His sense of union with and relationship to all living things was as much a part of him as the color of his eyes and hair; he did not have to remind himself of it, as a religious duty.
He experienced a keen joy in nature and in the innocent, childlike pleasures of everyday things, and at the same time possessed a splendid intellect.
All consciousness of sin or evil had been erased from his mind and actually had no place in his life.
ALFRED, LORD TENNYSON
In the case of Lord Tennyson, we have a definite recognition of two distinct states of consciousness, finally culminating in a clear experience of cosmic consciousness; this experience was so positive as to leave no doubt or indecision in his mind regarding the reality of the spiritual, and the illusory character of the external life.
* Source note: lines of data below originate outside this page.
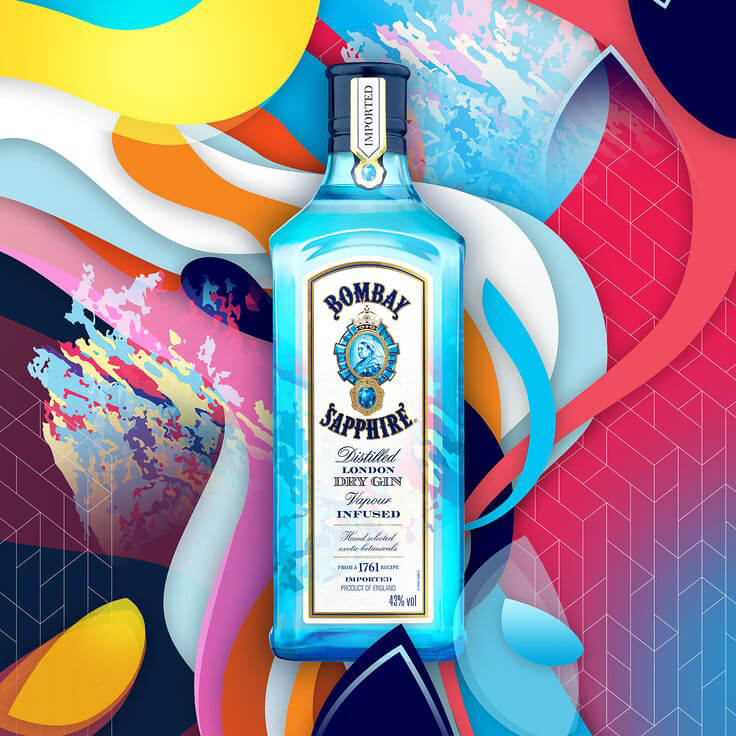 Bombay Sapphire là top những chai gin được yêu thích trên toàn thế giới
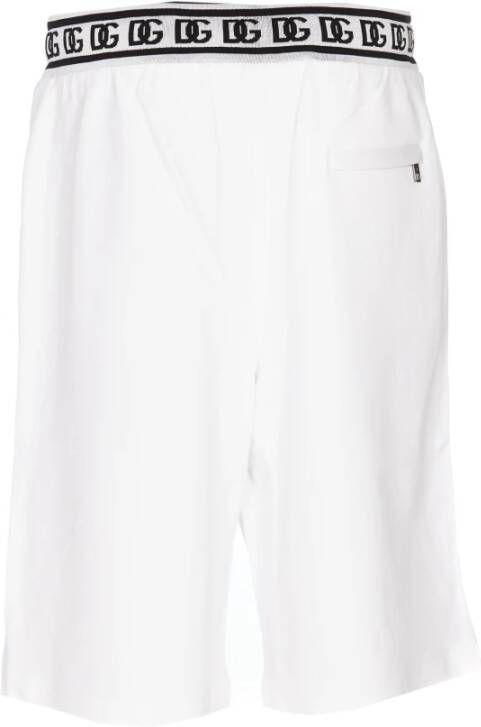 Dolce & Gabbana Dolce Gabbana Shorts White Wit Heren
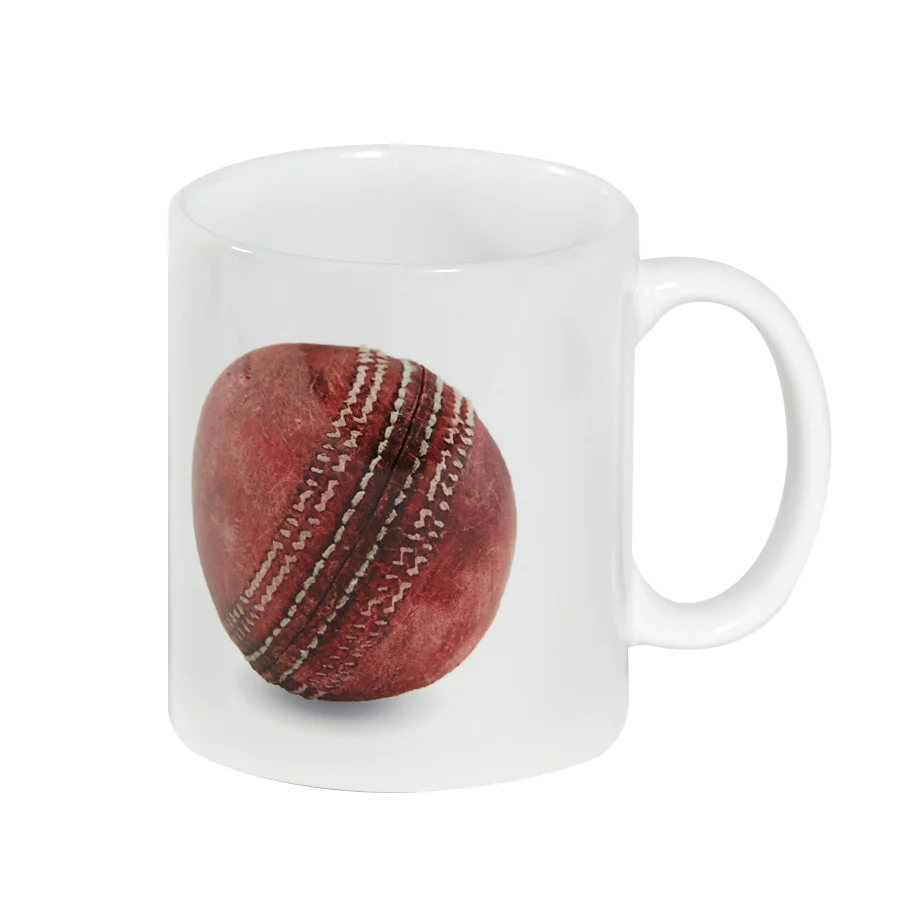 Sporting Nation - Vintage Cricket Ball Coffee Mug | Buster McGee
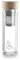 Lacor - 62534 - Botella Termo Flora, Botella con Filtro Infusor, Fabricada en Vidrio Borosilicato, Ideal para Infusiones y Tés, Libre de BPA, 350 ml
In truth Tennyson had so fixed his consciousness in the spiritual rather than in the external, that he looked out from that inner self, as through the windows of a house; he was prepared, as he said, to believe that his body was but an imaginary symbol of himself, but nothing and no one could persuade him that the real Tennyson, the I am consciousness of being which was he, was other than spiritual, eternal, undying.
Like so many others, notably Whitman, who have realized a more or less full degree of cosmic consciousness, Tennyson was deeply and reverently religious, although not partisanly connected with church work. Tennyson’s early boyhood was marked by experiences which usually befall persons of the psychic temperament. As he himself described these states of consciousness, they were moments in which the ego transcended the limits of self consciousness and entered the limitless realm of spirit.
They do not tabulate with the ordinary trance condition of the spiritualistic medium, who subjects his own self consciousness to a “control,” although Tennyson always believed that the best of his writings were inspired by, and written under “the direct influence of higher intelligences, of whose presence he was distinctly conscious. He felt them near him and his mind was impressed by their ideas.”
The point which we emphasize is that these peculiar states of consciousness are not synonymous with the western idea of trance as seen in mediumship, although Tennyson uses the term “trance” in describing them.
He says:
“A kind of walking trance I have frequently had, quite up from boyhood, when I have been all alone. This has often come upon me through repeating my own name to myself silently until all at once, as it were, out of the intensity of the consciousness of individuality, the individuality itself seemed to dissolve and fade into boundless being.”
It is a fact that children of a peculiarly sensitive or psychic temperament seem to have strange ideas regarding the name by which they are called, and not infrequently become confused and filled with an inexplicable wonderment at the sound of their own name. This phenomenon is much less rare than is generally known.